#### EXERCISE INPUTS

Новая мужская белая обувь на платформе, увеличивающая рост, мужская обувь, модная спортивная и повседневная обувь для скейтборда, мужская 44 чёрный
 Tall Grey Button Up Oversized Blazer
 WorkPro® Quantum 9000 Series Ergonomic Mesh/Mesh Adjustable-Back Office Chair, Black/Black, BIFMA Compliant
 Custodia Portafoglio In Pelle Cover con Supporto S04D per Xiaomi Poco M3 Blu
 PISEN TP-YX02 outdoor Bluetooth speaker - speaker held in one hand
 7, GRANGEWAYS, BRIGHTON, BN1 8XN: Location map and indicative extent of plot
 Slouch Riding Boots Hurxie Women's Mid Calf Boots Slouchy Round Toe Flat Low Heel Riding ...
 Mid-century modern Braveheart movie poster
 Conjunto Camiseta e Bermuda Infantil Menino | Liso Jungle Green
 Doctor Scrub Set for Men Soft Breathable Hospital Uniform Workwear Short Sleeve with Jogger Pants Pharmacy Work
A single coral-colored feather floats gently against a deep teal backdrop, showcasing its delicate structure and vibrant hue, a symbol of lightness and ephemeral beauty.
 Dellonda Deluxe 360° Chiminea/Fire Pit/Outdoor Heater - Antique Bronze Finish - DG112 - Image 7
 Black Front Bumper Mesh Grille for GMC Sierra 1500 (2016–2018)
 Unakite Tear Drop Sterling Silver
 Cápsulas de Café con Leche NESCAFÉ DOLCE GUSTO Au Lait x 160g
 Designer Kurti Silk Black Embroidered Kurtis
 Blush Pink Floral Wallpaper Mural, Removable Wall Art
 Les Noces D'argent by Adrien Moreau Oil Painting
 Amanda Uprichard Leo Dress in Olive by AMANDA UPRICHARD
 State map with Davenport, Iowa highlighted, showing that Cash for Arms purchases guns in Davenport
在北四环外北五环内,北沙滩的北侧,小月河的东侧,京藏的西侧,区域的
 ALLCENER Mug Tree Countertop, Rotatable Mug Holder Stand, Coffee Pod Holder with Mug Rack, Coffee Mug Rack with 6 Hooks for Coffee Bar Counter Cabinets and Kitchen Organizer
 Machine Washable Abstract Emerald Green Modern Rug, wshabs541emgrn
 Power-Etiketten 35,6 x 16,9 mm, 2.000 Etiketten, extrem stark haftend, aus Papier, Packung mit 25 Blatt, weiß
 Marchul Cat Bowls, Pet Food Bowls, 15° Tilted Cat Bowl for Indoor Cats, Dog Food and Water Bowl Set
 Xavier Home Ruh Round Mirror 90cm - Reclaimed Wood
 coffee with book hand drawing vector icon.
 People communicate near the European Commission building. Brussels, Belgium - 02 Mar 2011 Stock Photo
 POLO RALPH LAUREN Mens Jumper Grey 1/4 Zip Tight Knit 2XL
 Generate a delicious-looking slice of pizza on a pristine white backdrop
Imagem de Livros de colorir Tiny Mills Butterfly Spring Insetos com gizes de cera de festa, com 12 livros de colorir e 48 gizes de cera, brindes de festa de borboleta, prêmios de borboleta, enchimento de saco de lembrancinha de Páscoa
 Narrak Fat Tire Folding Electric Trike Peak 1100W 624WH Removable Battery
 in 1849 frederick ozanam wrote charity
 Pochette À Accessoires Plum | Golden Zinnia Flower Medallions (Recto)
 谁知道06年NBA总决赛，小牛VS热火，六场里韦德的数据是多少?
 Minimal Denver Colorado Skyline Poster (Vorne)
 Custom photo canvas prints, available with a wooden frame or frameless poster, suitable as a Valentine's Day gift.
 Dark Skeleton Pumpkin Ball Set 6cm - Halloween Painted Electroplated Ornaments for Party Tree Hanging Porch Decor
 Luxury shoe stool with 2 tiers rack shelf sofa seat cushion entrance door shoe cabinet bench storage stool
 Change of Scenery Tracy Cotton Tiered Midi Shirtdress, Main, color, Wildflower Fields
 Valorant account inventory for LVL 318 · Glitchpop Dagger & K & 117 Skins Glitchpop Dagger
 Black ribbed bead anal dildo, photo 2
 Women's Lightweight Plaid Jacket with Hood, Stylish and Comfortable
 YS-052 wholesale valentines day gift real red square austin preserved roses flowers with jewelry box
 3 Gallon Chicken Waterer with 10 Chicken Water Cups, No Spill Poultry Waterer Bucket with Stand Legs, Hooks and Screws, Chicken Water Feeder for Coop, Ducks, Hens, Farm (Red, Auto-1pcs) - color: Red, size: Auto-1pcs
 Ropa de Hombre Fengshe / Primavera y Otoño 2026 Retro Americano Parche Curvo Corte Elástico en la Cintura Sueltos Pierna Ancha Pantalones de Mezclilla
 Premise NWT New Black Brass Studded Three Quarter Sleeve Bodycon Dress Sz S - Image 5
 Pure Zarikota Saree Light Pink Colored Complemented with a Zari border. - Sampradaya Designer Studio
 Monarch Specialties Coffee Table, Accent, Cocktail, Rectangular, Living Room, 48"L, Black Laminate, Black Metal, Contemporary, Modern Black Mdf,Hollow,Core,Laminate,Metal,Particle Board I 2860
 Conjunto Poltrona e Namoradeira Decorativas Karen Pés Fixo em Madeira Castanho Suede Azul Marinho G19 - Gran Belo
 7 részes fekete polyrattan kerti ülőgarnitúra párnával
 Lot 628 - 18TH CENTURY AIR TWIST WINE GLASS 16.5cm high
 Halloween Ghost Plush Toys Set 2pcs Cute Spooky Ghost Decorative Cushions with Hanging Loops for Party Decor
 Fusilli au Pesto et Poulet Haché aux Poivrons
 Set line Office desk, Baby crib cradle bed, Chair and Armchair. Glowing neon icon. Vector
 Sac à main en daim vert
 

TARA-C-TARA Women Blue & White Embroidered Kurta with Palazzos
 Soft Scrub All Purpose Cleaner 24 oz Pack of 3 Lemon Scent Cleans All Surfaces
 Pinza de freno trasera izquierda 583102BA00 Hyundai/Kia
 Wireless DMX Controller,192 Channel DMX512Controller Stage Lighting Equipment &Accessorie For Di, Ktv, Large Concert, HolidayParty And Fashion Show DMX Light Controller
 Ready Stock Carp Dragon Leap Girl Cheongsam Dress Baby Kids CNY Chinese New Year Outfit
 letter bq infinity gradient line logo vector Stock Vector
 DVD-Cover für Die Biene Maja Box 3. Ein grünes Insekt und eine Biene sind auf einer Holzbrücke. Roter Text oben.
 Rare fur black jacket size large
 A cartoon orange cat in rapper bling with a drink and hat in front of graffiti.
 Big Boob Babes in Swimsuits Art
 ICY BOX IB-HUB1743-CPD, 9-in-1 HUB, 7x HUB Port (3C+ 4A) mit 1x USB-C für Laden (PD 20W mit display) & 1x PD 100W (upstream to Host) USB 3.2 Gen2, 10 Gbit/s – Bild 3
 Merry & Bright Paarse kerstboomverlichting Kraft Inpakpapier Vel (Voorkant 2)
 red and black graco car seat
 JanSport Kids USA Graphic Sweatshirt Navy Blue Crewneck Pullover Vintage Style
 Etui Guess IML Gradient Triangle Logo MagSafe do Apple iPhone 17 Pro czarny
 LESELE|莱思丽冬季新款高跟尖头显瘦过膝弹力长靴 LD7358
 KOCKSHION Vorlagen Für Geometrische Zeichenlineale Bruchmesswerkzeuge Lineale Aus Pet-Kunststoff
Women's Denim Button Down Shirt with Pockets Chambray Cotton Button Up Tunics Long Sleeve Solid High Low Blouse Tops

########

EXERCISE: Lines holding "hand" in the material above are to be reported.

EXERCISE RESPONSE:
 PISEN TP-YX02 outdoor Bluetooth speaker - speaker held in one hand
 coffee with book hand drawing vector icon.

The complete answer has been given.